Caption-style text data
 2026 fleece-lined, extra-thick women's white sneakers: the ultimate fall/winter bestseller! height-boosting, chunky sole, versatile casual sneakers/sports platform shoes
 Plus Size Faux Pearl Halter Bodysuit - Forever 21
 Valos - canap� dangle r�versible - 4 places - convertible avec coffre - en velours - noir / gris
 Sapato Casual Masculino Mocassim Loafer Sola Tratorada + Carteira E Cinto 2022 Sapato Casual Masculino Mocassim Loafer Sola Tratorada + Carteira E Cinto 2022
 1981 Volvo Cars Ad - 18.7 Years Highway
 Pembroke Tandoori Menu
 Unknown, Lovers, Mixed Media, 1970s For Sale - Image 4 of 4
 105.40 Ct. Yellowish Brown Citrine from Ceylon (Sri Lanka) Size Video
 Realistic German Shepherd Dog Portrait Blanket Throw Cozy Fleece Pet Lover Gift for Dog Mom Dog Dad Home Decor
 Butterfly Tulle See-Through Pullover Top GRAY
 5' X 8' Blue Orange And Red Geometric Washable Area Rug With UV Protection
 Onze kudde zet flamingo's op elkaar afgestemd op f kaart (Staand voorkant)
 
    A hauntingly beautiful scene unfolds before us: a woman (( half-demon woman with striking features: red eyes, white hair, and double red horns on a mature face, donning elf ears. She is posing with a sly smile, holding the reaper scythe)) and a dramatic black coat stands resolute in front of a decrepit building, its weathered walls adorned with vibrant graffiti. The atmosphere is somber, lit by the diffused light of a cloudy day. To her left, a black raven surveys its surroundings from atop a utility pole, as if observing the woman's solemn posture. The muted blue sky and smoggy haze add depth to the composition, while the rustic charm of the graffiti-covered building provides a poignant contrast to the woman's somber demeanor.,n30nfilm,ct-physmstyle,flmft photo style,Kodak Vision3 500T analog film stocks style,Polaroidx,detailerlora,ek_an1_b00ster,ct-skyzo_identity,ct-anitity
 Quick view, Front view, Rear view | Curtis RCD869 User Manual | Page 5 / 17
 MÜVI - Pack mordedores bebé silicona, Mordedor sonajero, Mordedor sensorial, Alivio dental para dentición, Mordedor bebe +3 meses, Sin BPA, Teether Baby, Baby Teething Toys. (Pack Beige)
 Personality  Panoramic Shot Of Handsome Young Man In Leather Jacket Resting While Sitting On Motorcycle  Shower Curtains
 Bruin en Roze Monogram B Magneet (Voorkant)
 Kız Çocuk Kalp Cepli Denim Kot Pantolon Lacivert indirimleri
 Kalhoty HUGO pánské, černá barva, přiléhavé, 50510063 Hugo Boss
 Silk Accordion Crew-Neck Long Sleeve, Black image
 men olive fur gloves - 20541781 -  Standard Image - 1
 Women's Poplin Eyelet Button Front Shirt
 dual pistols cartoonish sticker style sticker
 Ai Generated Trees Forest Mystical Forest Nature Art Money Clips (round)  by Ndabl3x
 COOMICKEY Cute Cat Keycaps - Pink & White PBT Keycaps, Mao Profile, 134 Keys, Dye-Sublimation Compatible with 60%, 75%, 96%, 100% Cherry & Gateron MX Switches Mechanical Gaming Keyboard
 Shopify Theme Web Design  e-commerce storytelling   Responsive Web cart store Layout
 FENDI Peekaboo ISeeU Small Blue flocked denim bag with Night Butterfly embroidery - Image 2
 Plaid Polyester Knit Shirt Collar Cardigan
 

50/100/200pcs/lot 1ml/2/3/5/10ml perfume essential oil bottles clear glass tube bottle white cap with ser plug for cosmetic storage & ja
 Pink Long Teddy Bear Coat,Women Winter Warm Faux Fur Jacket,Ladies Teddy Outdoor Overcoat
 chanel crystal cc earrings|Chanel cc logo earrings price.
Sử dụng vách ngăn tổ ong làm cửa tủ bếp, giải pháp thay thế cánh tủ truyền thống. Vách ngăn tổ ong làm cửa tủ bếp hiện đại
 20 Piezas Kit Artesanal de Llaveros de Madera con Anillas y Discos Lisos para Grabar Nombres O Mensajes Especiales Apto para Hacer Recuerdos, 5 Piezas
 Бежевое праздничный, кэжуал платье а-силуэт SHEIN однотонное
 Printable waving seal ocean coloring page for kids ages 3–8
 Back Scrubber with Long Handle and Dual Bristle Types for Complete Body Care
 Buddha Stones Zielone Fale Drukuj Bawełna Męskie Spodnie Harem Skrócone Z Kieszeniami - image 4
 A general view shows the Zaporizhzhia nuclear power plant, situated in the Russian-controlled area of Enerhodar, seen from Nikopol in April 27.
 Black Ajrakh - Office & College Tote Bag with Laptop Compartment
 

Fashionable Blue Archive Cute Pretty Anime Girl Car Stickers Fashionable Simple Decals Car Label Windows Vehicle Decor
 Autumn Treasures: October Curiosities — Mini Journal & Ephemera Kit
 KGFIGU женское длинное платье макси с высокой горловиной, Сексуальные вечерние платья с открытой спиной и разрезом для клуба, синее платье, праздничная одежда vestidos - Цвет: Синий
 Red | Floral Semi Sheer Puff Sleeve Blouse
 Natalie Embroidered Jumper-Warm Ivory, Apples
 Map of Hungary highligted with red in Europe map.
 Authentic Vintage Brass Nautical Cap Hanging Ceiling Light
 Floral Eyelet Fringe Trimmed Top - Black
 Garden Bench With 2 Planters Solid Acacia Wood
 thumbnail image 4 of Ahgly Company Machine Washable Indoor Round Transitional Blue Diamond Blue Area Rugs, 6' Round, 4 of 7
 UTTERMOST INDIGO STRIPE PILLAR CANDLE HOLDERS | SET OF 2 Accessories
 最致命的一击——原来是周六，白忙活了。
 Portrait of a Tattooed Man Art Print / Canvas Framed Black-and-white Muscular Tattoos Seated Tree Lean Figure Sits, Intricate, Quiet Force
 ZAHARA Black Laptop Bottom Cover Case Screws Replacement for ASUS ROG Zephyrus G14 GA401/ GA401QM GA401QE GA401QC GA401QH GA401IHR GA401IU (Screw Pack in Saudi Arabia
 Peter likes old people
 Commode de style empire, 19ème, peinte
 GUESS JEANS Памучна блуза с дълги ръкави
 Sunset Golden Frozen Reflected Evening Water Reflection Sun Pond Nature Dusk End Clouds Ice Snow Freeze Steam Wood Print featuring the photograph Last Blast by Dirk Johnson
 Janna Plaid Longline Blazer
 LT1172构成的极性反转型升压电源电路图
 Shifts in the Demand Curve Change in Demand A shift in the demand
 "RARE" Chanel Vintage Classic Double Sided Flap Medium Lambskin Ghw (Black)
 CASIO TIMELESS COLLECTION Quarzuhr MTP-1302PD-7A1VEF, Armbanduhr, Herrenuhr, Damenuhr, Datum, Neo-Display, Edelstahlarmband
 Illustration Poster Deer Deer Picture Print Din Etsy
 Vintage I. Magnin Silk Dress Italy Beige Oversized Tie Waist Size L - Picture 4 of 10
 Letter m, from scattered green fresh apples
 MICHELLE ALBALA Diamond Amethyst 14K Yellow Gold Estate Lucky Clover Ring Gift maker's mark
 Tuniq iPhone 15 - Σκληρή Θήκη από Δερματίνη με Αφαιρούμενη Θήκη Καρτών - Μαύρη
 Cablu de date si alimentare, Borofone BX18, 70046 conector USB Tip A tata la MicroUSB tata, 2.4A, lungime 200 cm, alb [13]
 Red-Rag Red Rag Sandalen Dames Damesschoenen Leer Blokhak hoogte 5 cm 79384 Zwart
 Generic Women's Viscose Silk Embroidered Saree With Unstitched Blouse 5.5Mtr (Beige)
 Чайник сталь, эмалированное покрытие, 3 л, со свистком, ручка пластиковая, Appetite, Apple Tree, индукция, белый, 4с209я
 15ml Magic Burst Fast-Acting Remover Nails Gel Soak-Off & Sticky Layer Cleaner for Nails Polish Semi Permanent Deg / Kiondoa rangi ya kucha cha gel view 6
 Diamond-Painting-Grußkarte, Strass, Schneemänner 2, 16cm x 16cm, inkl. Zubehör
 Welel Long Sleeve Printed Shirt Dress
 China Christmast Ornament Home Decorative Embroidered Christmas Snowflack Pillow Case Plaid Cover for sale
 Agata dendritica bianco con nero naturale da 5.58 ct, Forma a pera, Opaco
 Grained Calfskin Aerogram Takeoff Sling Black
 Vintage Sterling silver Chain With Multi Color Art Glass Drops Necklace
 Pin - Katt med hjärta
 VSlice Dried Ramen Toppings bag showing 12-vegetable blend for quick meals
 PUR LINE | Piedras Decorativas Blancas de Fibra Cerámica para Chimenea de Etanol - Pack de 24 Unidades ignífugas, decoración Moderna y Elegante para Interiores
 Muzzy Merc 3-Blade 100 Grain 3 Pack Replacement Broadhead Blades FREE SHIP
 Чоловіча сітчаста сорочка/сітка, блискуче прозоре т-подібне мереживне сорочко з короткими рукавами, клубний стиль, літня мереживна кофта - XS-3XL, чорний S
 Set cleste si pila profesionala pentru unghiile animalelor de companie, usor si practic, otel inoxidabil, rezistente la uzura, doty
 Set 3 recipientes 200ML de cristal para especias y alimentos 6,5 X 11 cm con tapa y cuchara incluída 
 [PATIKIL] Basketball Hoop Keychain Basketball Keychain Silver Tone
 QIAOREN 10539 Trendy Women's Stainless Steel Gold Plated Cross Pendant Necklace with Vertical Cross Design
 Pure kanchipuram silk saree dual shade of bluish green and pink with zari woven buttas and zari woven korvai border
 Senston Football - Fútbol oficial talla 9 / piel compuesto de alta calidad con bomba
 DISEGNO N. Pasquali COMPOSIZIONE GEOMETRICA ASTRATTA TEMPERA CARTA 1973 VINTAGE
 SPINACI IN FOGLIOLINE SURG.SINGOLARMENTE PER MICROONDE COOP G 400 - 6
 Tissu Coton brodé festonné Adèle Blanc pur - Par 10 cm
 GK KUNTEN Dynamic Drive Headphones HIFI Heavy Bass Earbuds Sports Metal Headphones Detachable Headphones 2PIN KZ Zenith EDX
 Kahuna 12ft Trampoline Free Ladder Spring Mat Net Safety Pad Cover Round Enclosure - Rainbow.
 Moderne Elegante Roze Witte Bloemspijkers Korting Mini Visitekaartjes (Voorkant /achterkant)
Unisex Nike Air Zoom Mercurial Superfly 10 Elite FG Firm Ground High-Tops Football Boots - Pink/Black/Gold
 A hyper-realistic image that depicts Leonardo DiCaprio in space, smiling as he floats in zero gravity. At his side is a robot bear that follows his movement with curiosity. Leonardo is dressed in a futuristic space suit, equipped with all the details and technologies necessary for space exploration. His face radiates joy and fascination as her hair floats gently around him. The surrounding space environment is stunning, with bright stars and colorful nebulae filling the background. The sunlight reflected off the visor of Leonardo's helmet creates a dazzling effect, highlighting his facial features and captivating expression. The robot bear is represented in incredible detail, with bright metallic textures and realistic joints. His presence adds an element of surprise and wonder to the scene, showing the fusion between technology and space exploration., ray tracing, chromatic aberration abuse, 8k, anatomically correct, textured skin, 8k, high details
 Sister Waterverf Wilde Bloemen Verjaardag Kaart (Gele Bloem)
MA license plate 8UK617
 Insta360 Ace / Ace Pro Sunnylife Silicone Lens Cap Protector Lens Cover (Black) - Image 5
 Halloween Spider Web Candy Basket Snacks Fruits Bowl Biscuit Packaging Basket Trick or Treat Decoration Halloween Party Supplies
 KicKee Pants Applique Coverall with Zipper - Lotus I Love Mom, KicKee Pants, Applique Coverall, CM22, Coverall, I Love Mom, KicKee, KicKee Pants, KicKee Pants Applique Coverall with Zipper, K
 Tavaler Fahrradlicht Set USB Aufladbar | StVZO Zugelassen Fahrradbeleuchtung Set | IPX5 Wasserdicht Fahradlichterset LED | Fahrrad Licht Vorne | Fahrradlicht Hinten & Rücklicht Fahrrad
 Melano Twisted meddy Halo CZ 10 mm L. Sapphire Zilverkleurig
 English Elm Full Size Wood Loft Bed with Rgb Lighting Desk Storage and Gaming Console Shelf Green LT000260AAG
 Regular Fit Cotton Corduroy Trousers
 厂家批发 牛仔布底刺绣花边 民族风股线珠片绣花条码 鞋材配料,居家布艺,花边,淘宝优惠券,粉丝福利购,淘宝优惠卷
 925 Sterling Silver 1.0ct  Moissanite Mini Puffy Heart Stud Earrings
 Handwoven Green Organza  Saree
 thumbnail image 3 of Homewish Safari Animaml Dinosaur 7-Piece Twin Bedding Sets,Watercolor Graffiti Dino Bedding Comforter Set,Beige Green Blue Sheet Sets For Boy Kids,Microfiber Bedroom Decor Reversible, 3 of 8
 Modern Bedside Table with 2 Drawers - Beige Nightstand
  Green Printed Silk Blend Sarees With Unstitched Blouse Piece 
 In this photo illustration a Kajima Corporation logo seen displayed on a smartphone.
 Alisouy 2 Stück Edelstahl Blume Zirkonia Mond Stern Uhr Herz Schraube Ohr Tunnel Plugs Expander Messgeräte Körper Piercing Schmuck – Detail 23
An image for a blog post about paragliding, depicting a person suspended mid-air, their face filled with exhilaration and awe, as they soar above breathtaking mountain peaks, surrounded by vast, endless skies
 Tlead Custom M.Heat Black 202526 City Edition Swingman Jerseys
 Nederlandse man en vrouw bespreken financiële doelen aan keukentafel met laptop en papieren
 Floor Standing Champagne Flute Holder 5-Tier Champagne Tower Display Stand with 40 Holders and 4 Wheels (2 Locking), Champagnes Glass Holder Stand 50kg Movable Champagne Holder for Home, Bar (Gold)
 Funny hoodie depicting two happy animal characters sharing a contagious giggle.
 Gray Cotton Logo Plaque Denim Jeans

** Required work **
Return word for word the lines above from the line with "Letter m, from scattered green fresh apples" to the line with "Red-Rag Red Rag", including both and leaving out all others.

** Answer to the problem **
 Letter m, from scattered green fresh apples
 MICHELLE ALBALA Diamond Amethyst 14K Yellow Gold Estate Lucky Clover Ring Gift maker's mark
 Tuniq iPhone 15 - Σκληρή Θήκη από Δερματίνη με Αφαιρούμενη Θήκη Καρτών - Μαύρη
 Cablu de date si alimentare, Borofone BX18, 70046 conector USB Tip A tata la MicroUSB tata, 2.4A, lungime 200 cm, alb [13]
 Red-Rag Red Rag Sandalen Dames Damesschoenen Leer Blokhak hoogte 5 cm 79384 Zwart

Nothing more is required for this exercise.